With sincere apologies to T. S. Eliot, this is the way summer ends -- not with a bang, but a whimper. Business is slowing at AMC Entertainment Holdings (AMC -4.38%) and its fellow exhibitors. Domestic box office receipts clocked in at $91.9 million over the weekend, the industry's weakest showing since May.

Bullet Train was the big premiere this time. The Brad Pitt-helmed thriller didn't exactly flop out of the gate. It topped $30 million in ticket sales, accounting for nearly a third of all stateside theater admissions over the weekend. However, it wasn't enough to save what the industry considers to be the last real weekend of the telltale summer season.

Summer technically doesn't end until late September, but with many area schools returning to class in the coming days you should have more elbow room at your local multiplex now. Studios tend to put out their more promising releases between the Memorial Day and Independence Day holidays. The release slate for the rest of the current quarter is predictably bland. It doesn't mean that AMC shareholders should be concerned.

A couple drawing closer at a movie theater screening.

Image source: Getty Images.

No. 1 with a bullet 

Multiplex operators got off to a strong start in the current quarter. By mid-July domestic ticket sales were at their highest level since 2016. The script has been flipped after a few uninspiring weekends. You have to go back to 2005 to find a worse pre-pandemic showing in box office receipts for the quarter to date. 

The bad news is that help isn't on the way in the near term. Outside of a possible sleeper hit here or there, the theatrical release slate is understandably dry for the balance of the third quarter. Studios know that this is not when you put out a potential blockbuster. The next major superhero film doesn't hit the big screen until November. There could be a few winners in the horror genre when October rolls around. None of this means that it's curtains for AMC and its smaller peers.

The industry has successfully completed a turnaround in terms of consumer sentiment. Some genres -- like comedies, indie films, and romcoms -- are now destined to stay on premium streaming services. Superhero, action, high-profile animation, and even horror movies are still drawing big crowds at the multiplex. Studios will get even better about getting the balance right next summer. 

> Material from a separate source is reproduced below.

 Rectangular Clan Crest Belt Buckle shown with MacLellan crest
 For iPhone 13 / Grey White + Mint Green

AMC just posted positive adjusted earnings before interest, taxes depreciation, and amortization (EBITDA) and operating cash flow in its latest quarter. It has gotten better in a few ways on this end of the pandemic, improving its per-capita revenue by rolling out mobile ordering and advance seating reservations across most of its locations. Folks are also willing to pay an average of nearly 6% more now for a ticket to a movie than they were a year ago. 

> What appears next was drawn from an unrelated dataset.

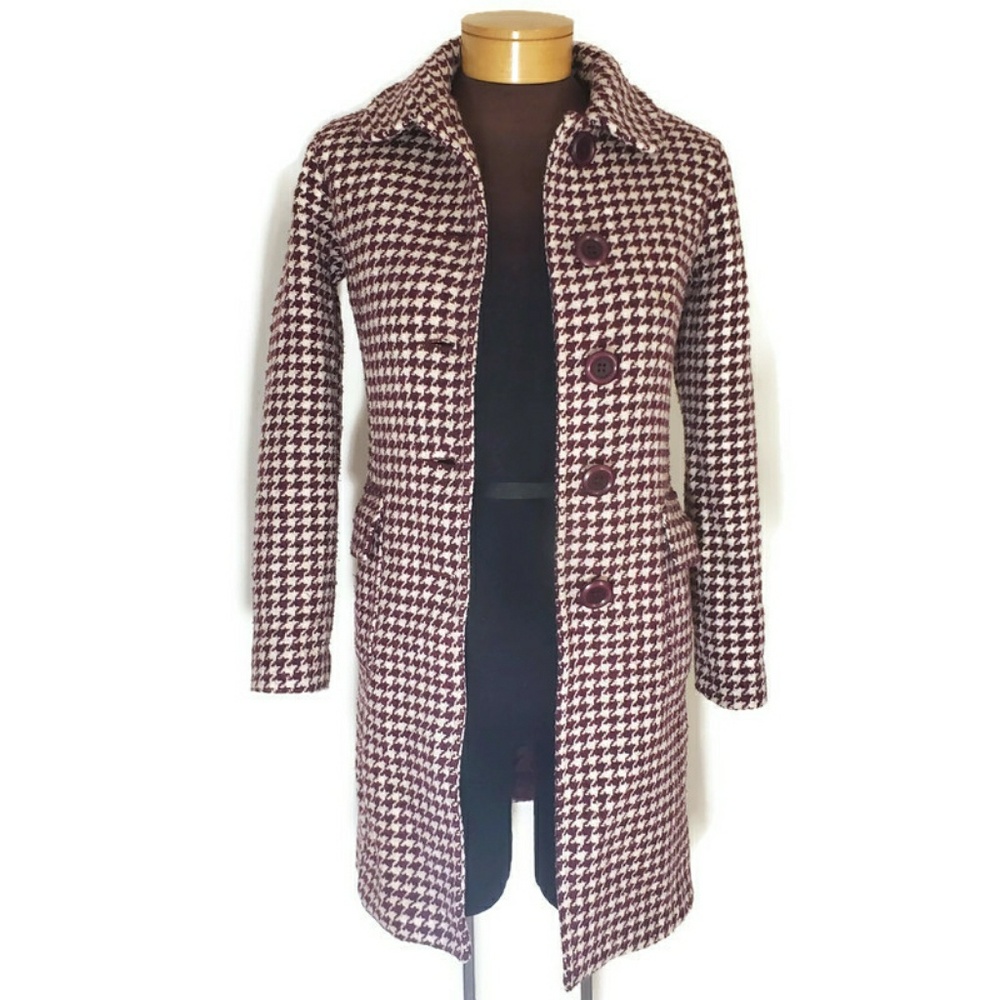 Frenchi Red & Black Houndstooth Wool Coat women's size XS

The most widely owned of movie theater stocks will still need to execute to keep winning. Its cash interest expense has risen 60% over the past year, and outright profitability is going to require even larger crowds than it drew this summer. However, the stock has now more than doubled since bottoming out in May. It has established a cult following of shareholders that can prove potent if they also become AMC regulars. The peak summer season for exhibitors may essentially be over, but the foundation has been set for the good times to continue.